Chronic wasting disease (CWD) is a contagious neurological disorder that affects deer, elk, reindeer, and moose that leads to degeneration of brain tissue. Symptoms in infected animals include emaciation, abnormal behavior, loss of bodily functions, and ultimately death. CWD is a member of the transmissible spongiform encephalopathies (TSEs) which include scrapie and mad cow disease.
Chronic wasting disease (CWD) is a neurodegenerative disorder that affects deer, elk, reindeer and moose. It is caused by a misfolded protein known as a prion. Credit: Colorado State University
CWD can has been detected in animals in North America, Canada, Norway, and South Korea. As of September 2017, the CDC reported that at least 21 states in the continental US found CWD in free-ranging deer.
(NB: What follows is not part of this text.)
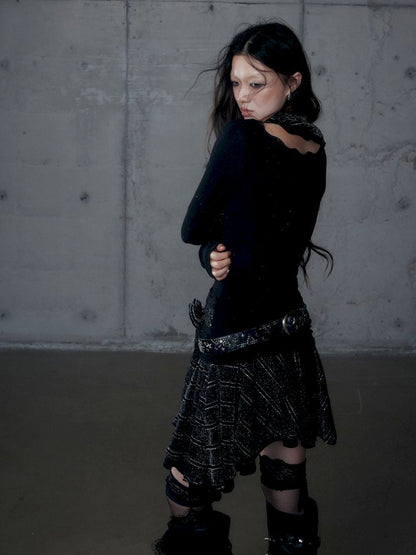 Stacked Neck One-Shoulder Dress【s0000013475】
While affected areas continue to expand, the overall incidence of CWD is relatively low.
Fortunately, there has been no reported incidence of CWD in humans however; studies have shown that it is possible for CWD to spread from infected deer or elk to non-human primates such as monkeys. The disease could potentially spread to humans through the consumption of contaminated meat or through contact with the brains or bodily fluids of CWD-infected animals. The World Health Organization advises it is important to prevent agents of prion diseases from entering the food chain.
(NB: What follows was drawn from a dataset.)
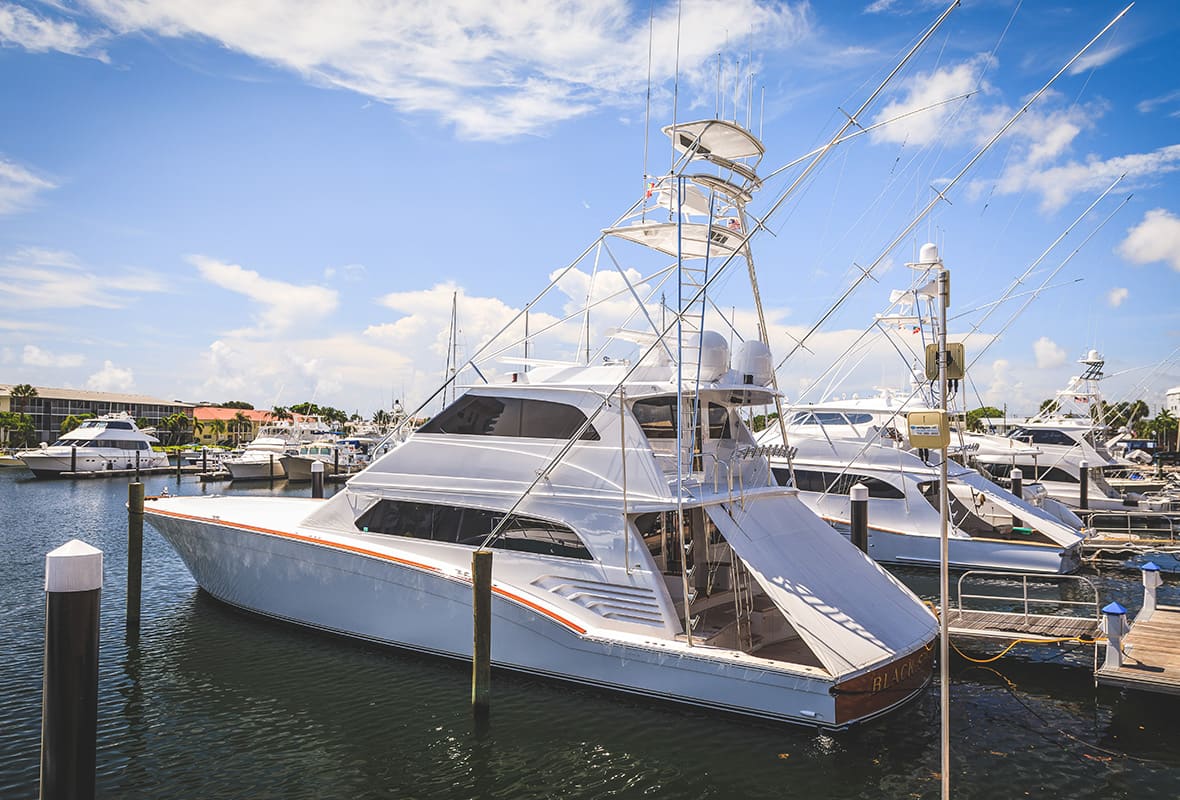 Boats docked at marina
Detection of prion diseases is difficult due to the nature of this atypical pathogen. CWD is caused by the misfolded form of a normal protein. As proteins are made within the cell, they fold into a specific configuration that allows them to perform a specific function. When proteins are misfolded, they are unable to perform their function, leading to disease.
A group of researchers from Colorado State University and the Alaska Fisheries Science Center used predictive modeling to discriminate the shedding of prions and the detection of prions in saliva. According to the authors of the study, this distinction is important for understanding the role of prion shedding in disease transmission as well as diagnosis of the disease. Sensitive detection methods are difficult for samples containing a high level of microbial diversity, such as saliva.
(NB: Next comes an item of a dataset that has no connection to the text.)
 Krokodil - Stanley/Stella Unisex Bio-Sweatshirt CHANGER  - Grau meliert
Their statistical analyses revealed that shedding of prions in saliva increases from the time the animal becomes infected. Shedding of prions can occur before the animal even shows symptoms of CWD which can occur for up to a year or more. Shedding was not influenced by the sex of the animal or by the specific genotype of the prion. Interestingly, authors of the study found that the source of the prion by which animals were experimentally inoculated played a large role in the quantity of prion shedding. Specifically, animals who were inoculated with prions from the saliva of CWD-infected animals shed more prions than those inoculated with brain tissue from CWD-infected animals.
This research provides insight into the horizontal transmission of CWD in animals as well as factors that influence prion shedding in the wild. More sensitive detection methods for better surveillance and diagnosis of the disease are warranted.